Louisenweg 27 um 1920
© Stadtteilarchiv Hamm

Siegmund Steindler * 1889

Luisenweg 27 (Hamburg-Mitte, Hamm)

1943 Majdanek
ermordet
zuvor:
Flucht Frankreich
deportiert aus Drancy

Siegmund Steindler, geb. 3.8.1889, 1934 Flucht nach Böhmen, 1938 Flucht nach Frankreich, 1939 interniert Gurs, 1941 Zwangsarbeitslager Casseneuil/Garonne, Februar 1943 Sammellager Drancy, deportiert am 4.3.1943 nach Majdanek

Schule Pröbenweg/Parkplatzeinfahrt Luisenweg (ehedem Luisenweg 27)

Siegmund Steindlers Wurzeln lagen väterlicherseits in Böhmen, mütterlicherseits in Hamburg. Er war das zweitälteste von fünf Kindern, die zwischen 1888 und 1893 in Hamburg geboren wurden.

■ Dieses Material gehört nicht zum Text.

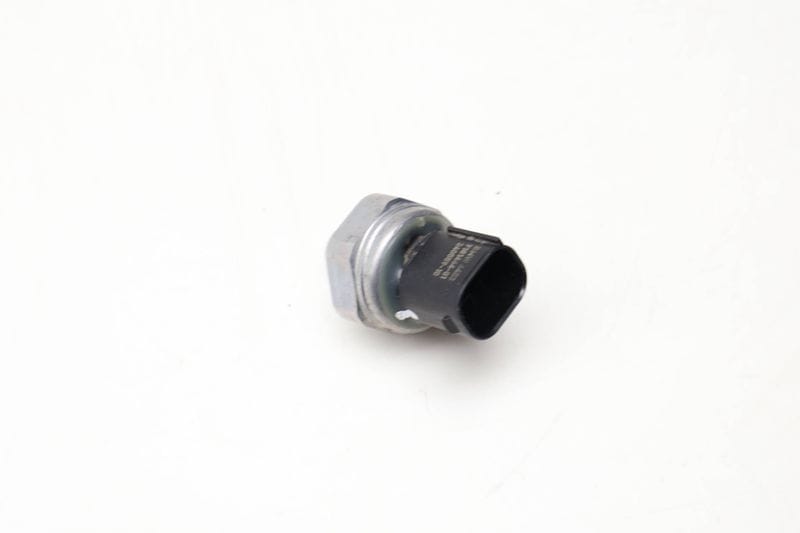AC Pressure Sensor / Switch 64539181464 — Used (SKU 628506)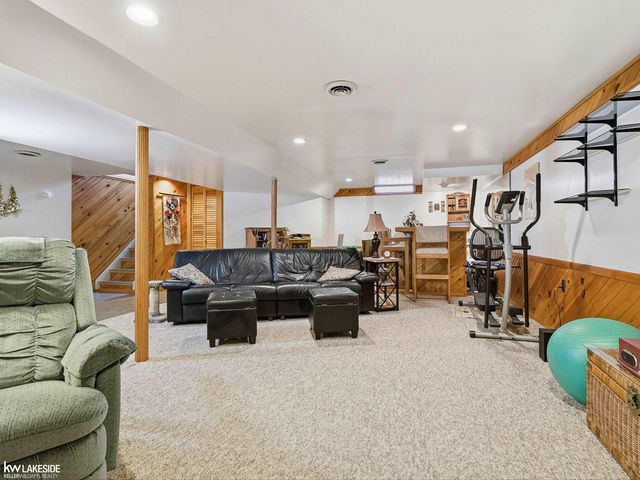 516 Miller Avenue, Rochester, MI 48307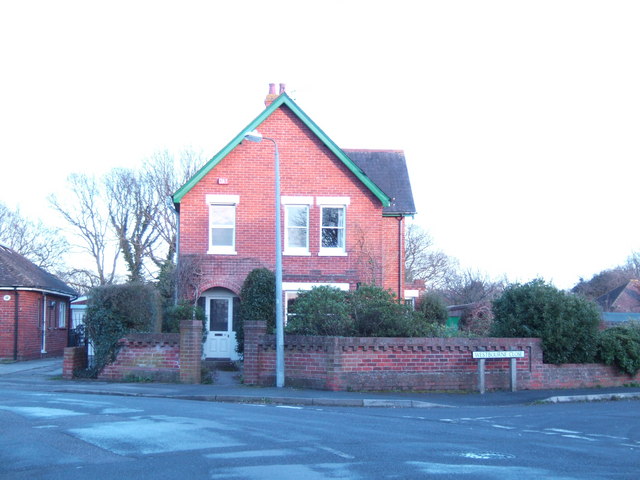 File:1920's house - geograph.org.uk - 351262.jpg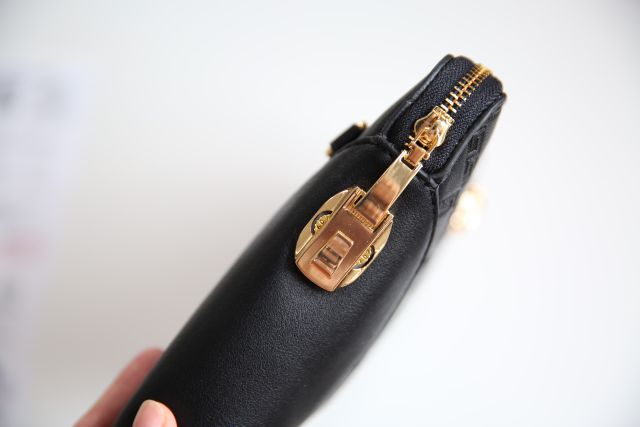 Cầm tay versace mã số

Sein Vater, Julius Steindler, war am 6.1.1862 in der Kleinstadt Münchengrätz, dem heutigen Mnichovo Hradiště, in Tschechien, geboren worden. Seinerzeit war der Ort österreichisch, 1866 wurde er preußisch. Julius’ zwölf Jahre jüngerer Bruder Jakob Steindler kam am 11.9.1874 in Komotau, einer aufstrebenden Stadt weiter westlich, zur Welt, wo der Vater Maximilian Steindler als Handelsmann tätig war. Über die Schwestern Auguste und Jenny ist wenig bekannt.

Julius Steindler zog Mitte der 1880er Jahre nach Hamburg, während seine Eltern, Maximilian Steindler und Henriette, geb. Fischl, bis zu ihrem Tod in Böhmen blieben. Der Vater starb 1902 in Karlsbad, während die Mutter weiter in Leitmeritz wohnte. Jacob Steindler folgte Julius nach Hamburg, wo er von 1895 an seinen ständigen Wohnsitz nahm.

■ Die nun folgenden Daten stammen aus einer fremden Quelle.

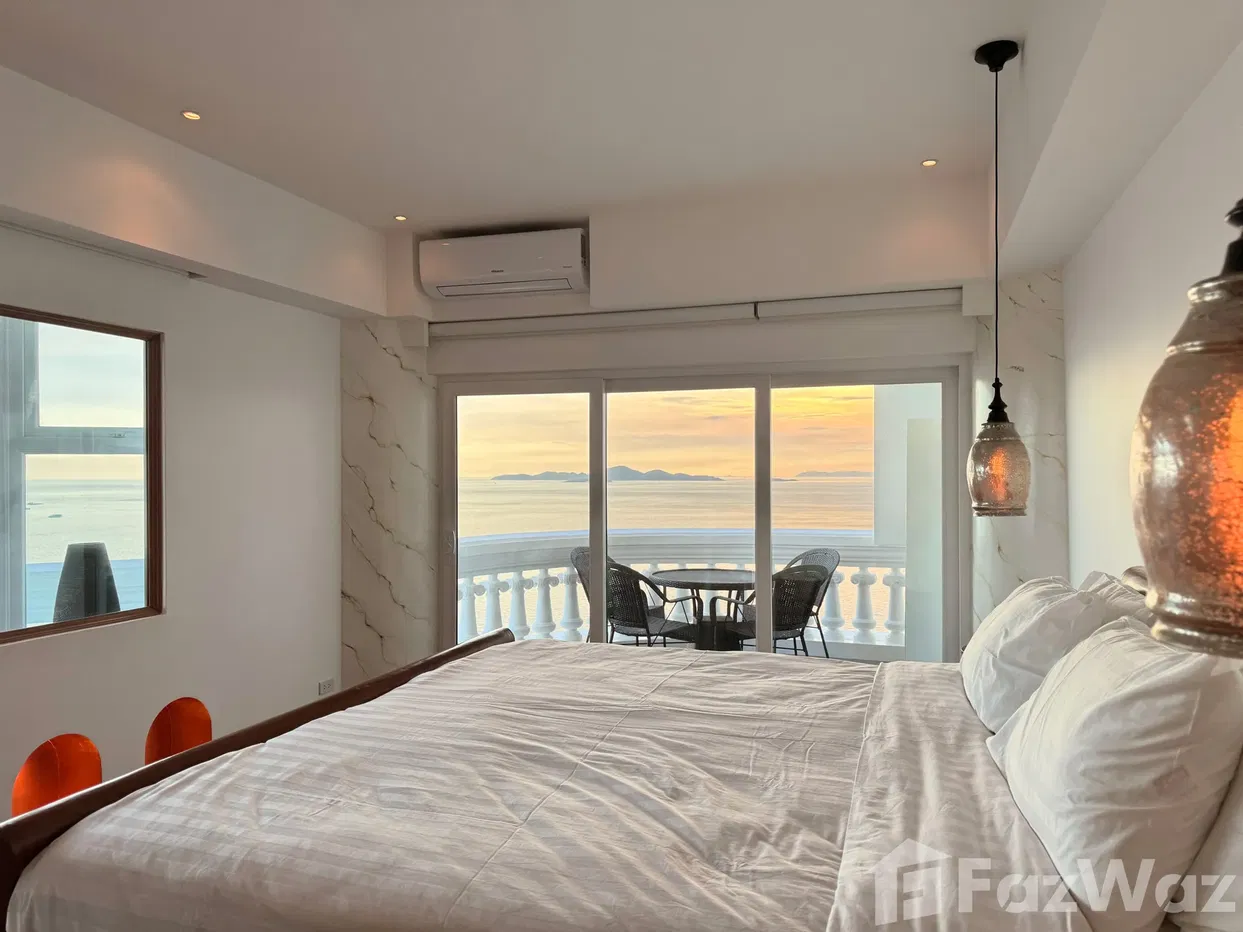 picture "LIVING IN A PICTURE" at Park Beach Condominium - 3/31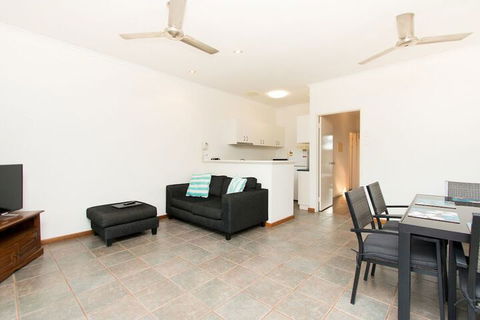 Cable Beach Apartments - Accommodation Georgetown 3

Bevor sich Julius Steindler ständig in Altona/Ottensen niederließ, übte er als Kaufmann verschiedene Tätigkeiten aus. 1888 gründete er in der Holstentwiete 90/92 eine Fabrik für Dachpappen und chemisch-technische Produkte, die ein Familienunternehmen begründete. Sein Bruder Jacob absolvierte bei ihm seine kaufmännische Lehre.

1887 heiratete Julius Steindler Rosa Horwitz, geb. 21.6.1865 in Hamburg, Tochter des Lotteriecollektors (Leiter einer Lotterieannahmestelle) Wulff Horwitz und seiner Ehefrau Bertha, geb. Bieber, aus Lübeck. Am 8.8.1888 wurde der erste Sohn, Maximilian, geboren. Ein Jahr später, am 3.8.1889, kam Siegmund zur Welt, dem am 21.11.1890 Hermann folgte. Die einzige Tochter, Susanna, wurde am 31.12.1891 geboren, nach ihr kam der Sohn Adolf Eduard, geb. 1.6.1893, zur Welt.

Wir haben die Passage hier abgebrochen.